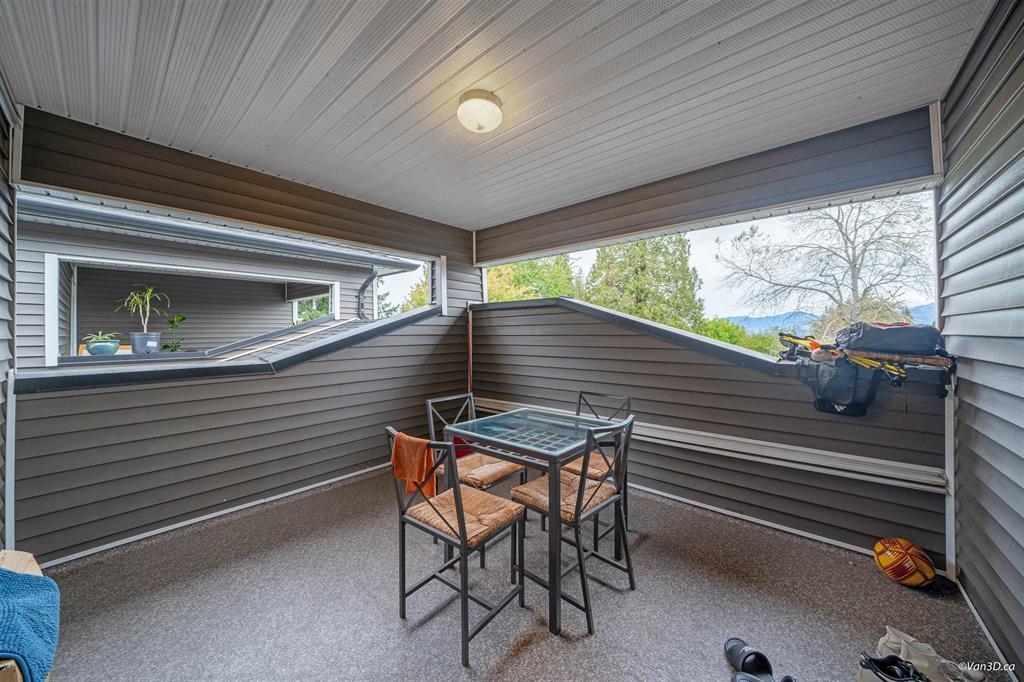 Entry Foyer Photo of 7753 Wedgewood Street, Burnaby, BC
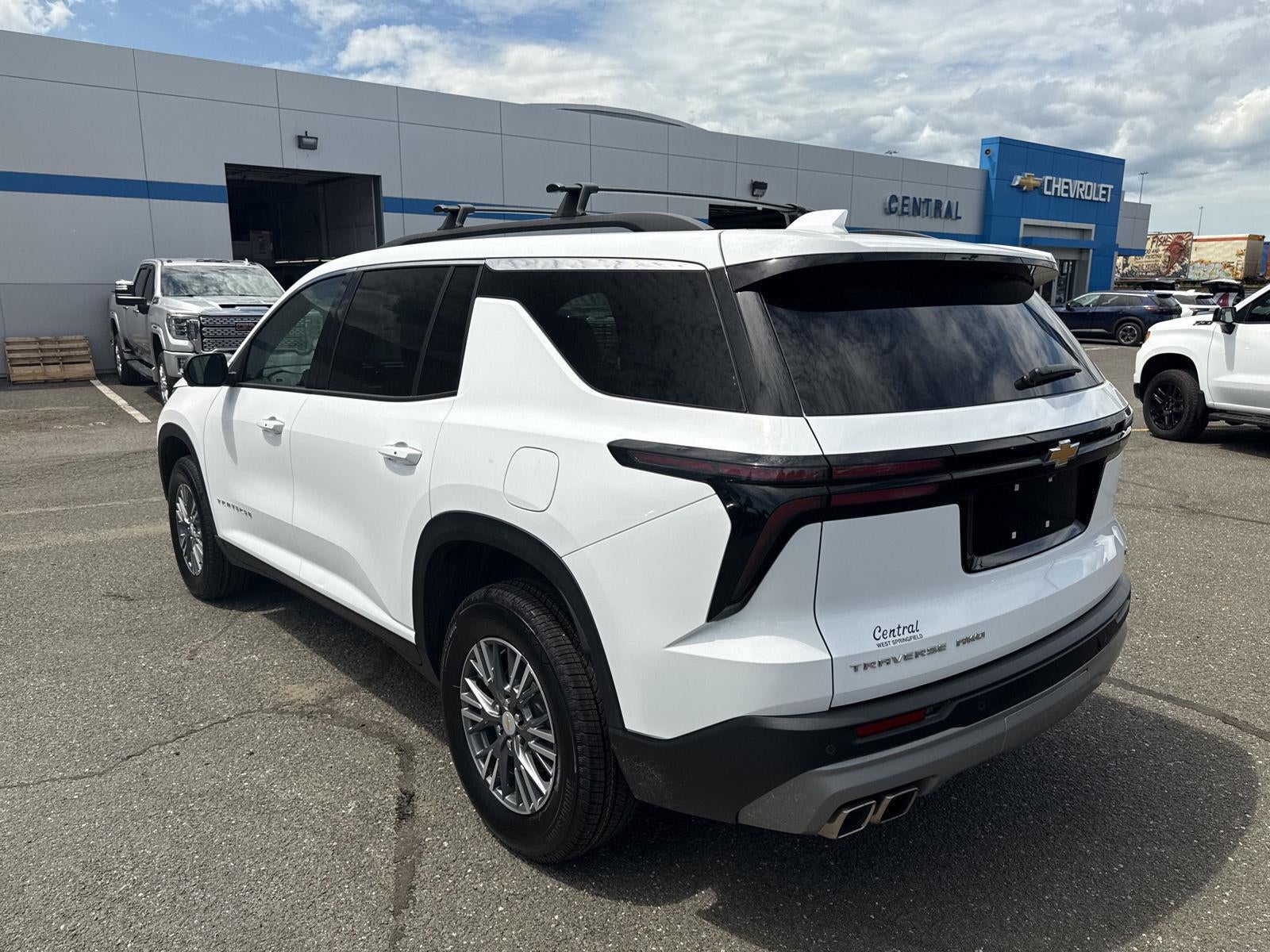 2024 Chevrolet Traverse LT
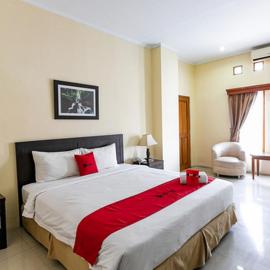 RedDoorz Plus near Alun Alun Karanganyar, хотел в Karanganyar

========================================

▸ **YOUR TASK**: Transcribe exactly the line that contains "2024 Chevrolet Traverse LT" and each line after it through the end of the listing. Leave out the pictures.

▸ **SOLUTION**:
 2024 Chevrolet Traverse LT
 RedDoorz Plus near Alun Alun Karanganyar, хотел в Karanganyar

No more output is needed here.